> About this exercise
Begin at the line holding "this 474×631 image." and set down exactly each line through the last one below, omitting pictures. Include nothing else.

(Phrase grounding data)
━━━━

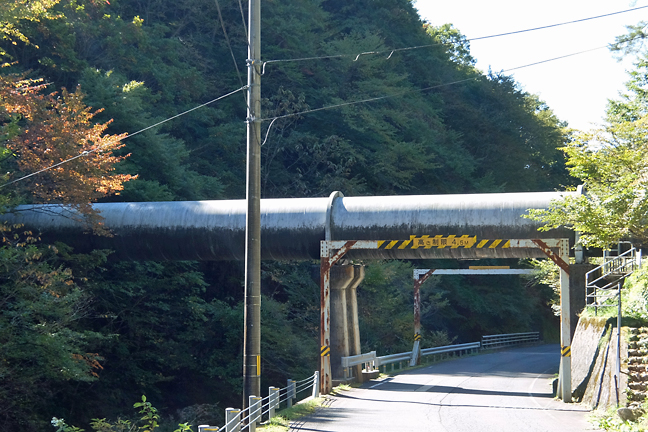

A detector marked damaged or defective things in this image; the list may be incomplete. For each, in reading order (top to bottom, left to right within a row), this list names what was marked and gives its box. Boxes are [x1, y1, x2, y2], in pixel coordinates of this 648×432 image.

rusty pipe section [2, 190, 580, 260]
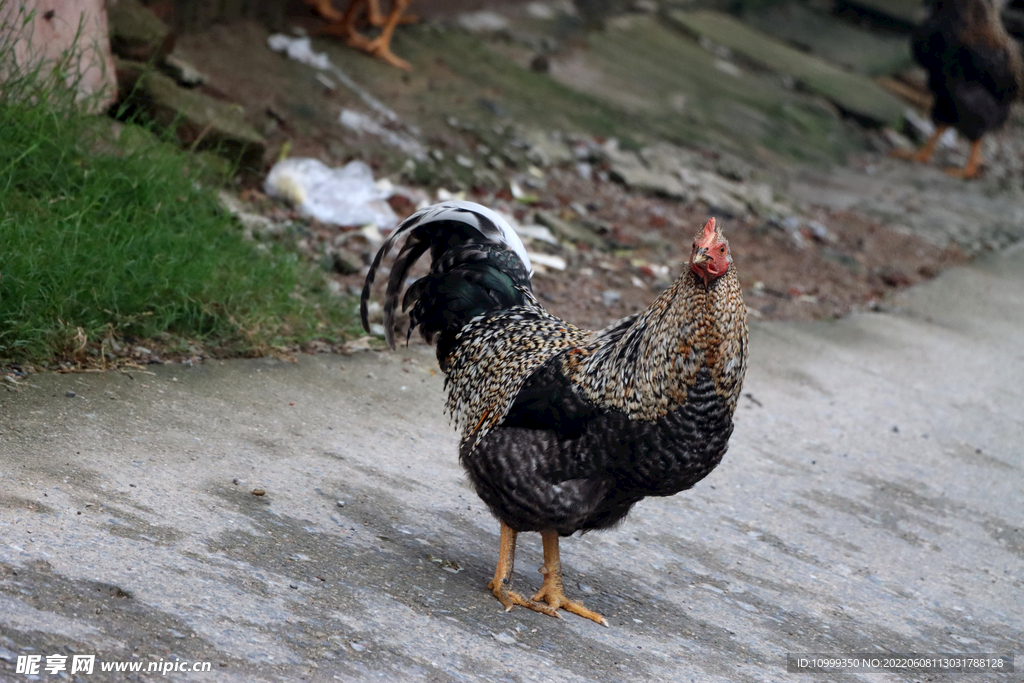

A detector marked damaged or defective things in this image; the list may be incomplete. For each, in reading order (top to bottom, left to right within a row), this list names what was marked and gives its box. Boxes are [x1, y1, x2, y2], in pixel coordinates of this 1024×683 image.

cracked concrete surface [0, 244, 1019, 679]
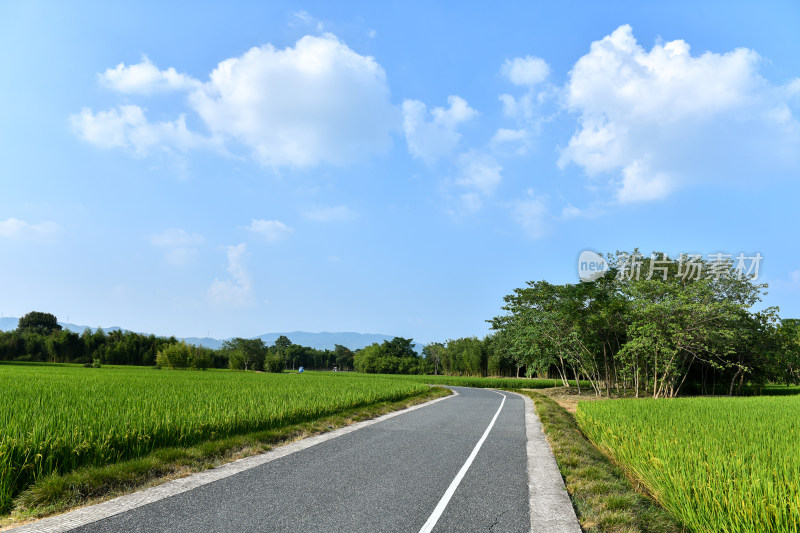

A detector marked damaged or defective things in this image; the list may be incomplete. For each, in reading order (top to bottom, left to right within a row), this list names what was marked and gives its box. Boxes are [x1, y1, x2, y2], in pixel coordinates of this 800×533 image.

cracked asphalt surface [48, 386, 532, 532]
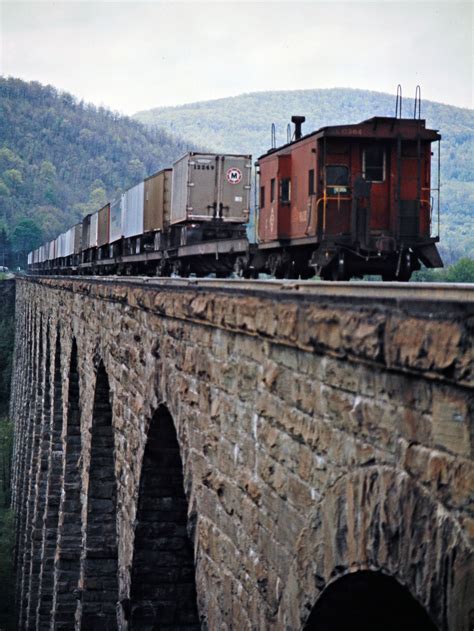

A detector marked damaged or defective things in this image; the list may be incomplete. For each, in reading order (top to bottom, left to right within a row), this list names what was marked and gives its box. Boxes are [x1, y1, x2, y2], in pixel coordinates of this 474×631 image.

rusty metal siding [145, 169, 173, 233]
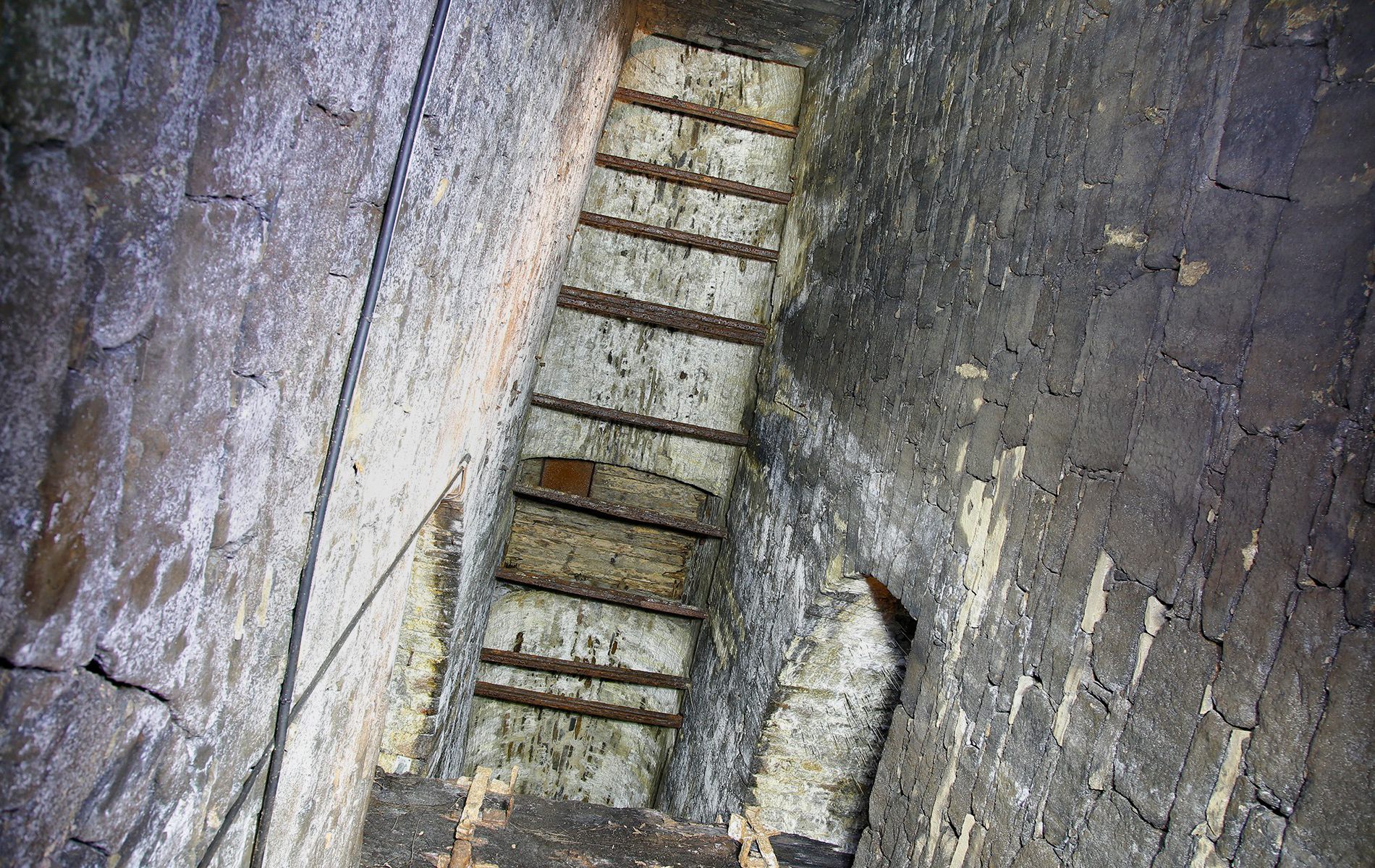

━━━━

> Written response
A detector marked damaged or defective things in this image; the list may be incomplete. For each, in reading order (top to bottom, left to right within a row), this list names what was marked and gives its box. Boxes are [x1, y1, x2, y2], in pixel coordinates of this 474×631 image.

rusty metal siding [145, 169, 173, 233]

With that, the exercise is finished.